YOUR OBJECTIVE
Emit the data below verbatim, stripping out any pictures.

Short text fragments from websites:
====

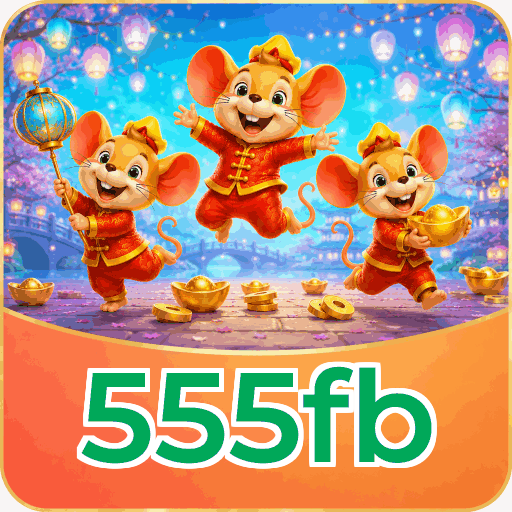 555fb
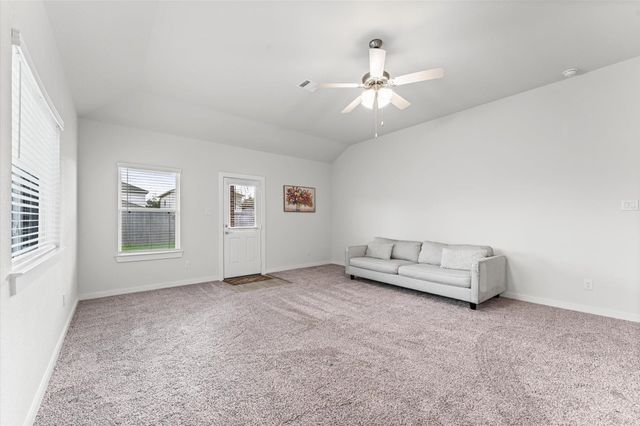 21431 Indigo Ruth Drive, Spring, TX 77379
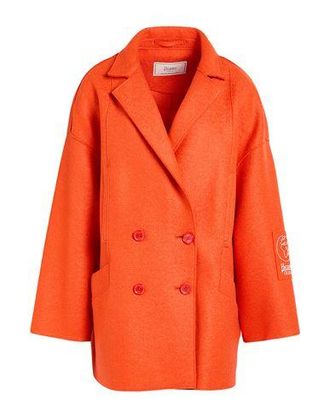 Herno JACKEN & M&Auml;NTEL - M&auml;ntel auf YOOX.COM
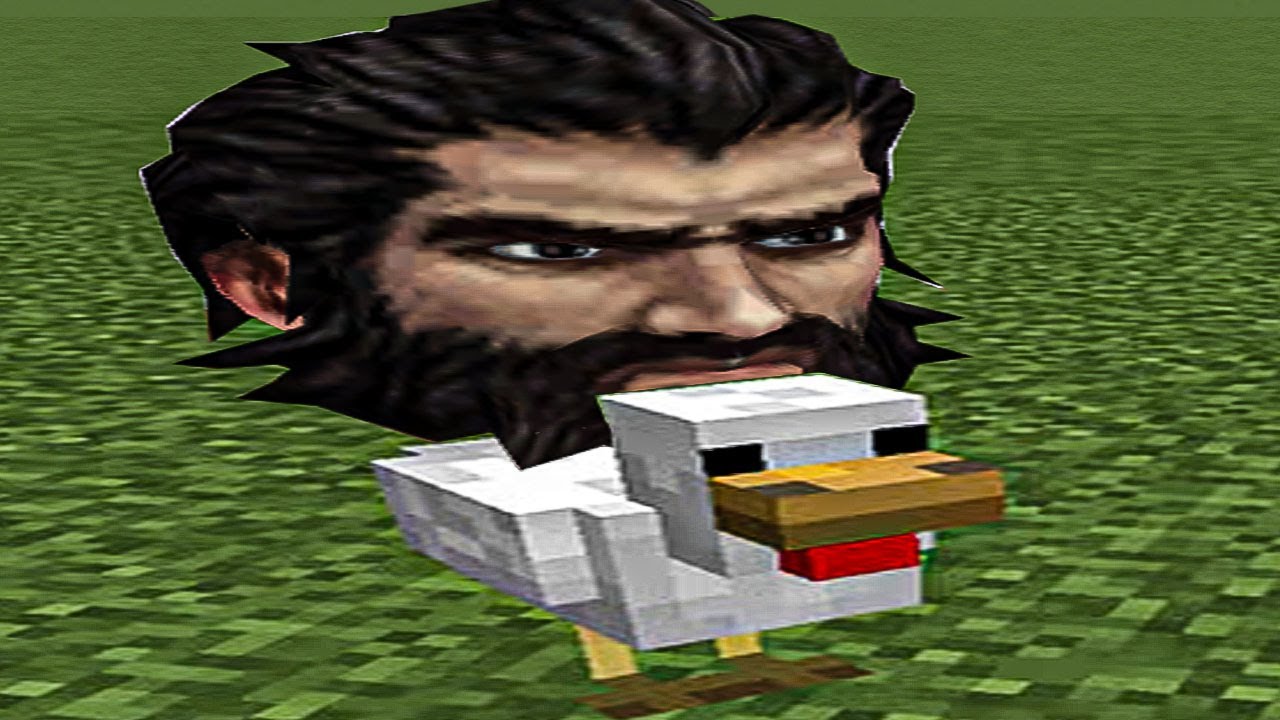 ГРЕЙВС ЖОКЕЙ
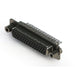 638-044-232-243 by EDAC Inc. - CONNECTOR D-SUB HD RCPT 44P SLDR CUP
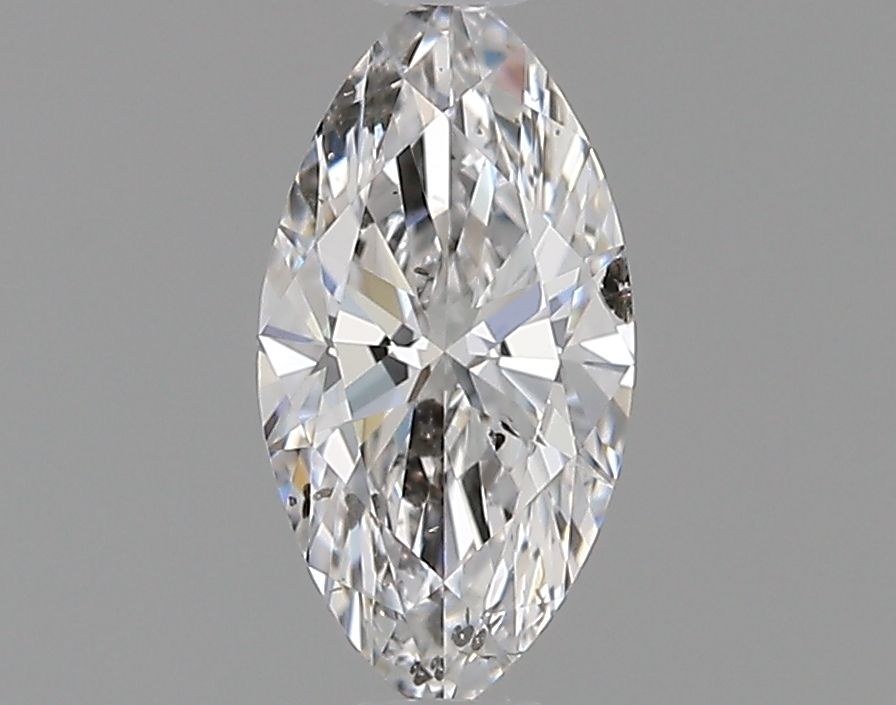 0.52 Carat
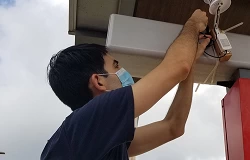 lanza monitor cropped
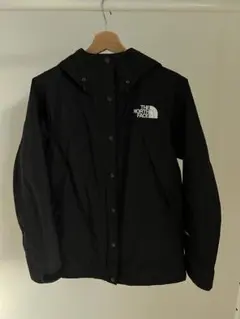 【THE NORTH FACE 】マウンテンライトジャケットゴアテックス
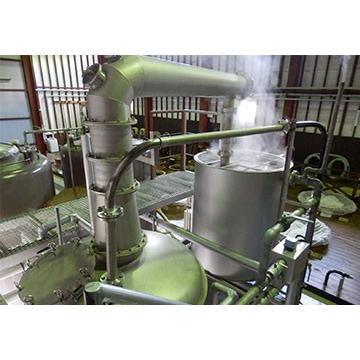 手造り 青潮（あおしお） 720ml : 酒乃すぎい - 通販 - Yahoo!ショッピング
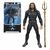 FIGURA MC FARLANE AQUAMAN WITH STEALTH SUIT DC MULTIVERSE 15535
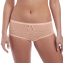 Freya Fancies Short Natural Beige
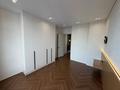2-бөлмелі пәтер · 44 м² · 15/16 қабат, Туран 39, бағасы: 380 000 ₸ в Астане, Нура р-н — фото 10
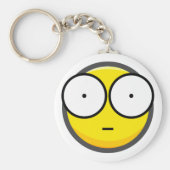 "Original" EEKit-Schlüsselanhänger Schlüsselanhänger (Vorne)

====

RESULT BELOW
 555fb
 21431 Indigo Ruth Drive, Spring, TX 77379
 Herno JACKEN & M&Auml;NTEL - M&auml;ntel auf YOOX.COM
 ГРЕЙВС ЖОКЕЙ
 638-044-232-243 by EDAC Inc. - CONNECTOR D-SUB HD RCPT 44P SLDR CUP
 0.52 Carat
 lanza monitor cropped
 【THE NORTH FACE 】マウンテンライトジャケットゴアテックス
 手造り 青潮（あおしお） 720ml : 酒乃すぎい - 通販 - Yahoo!ショッピング
 FIGURA MC FARLANE AQUAMAN WITH STEALTH SUIT DC MULTIVERSE 15535
 Freya Fancies Short Natural Beige
2-бөлмелі пәтер · 44 м² · 15/16 қабат, Туран 39, бағасы: 380 000 ₸ в Астане, Нура р-н — фото 10
 "Original" EEKit-Schlüsselanhänger Schlüsselanhänger (Vorne)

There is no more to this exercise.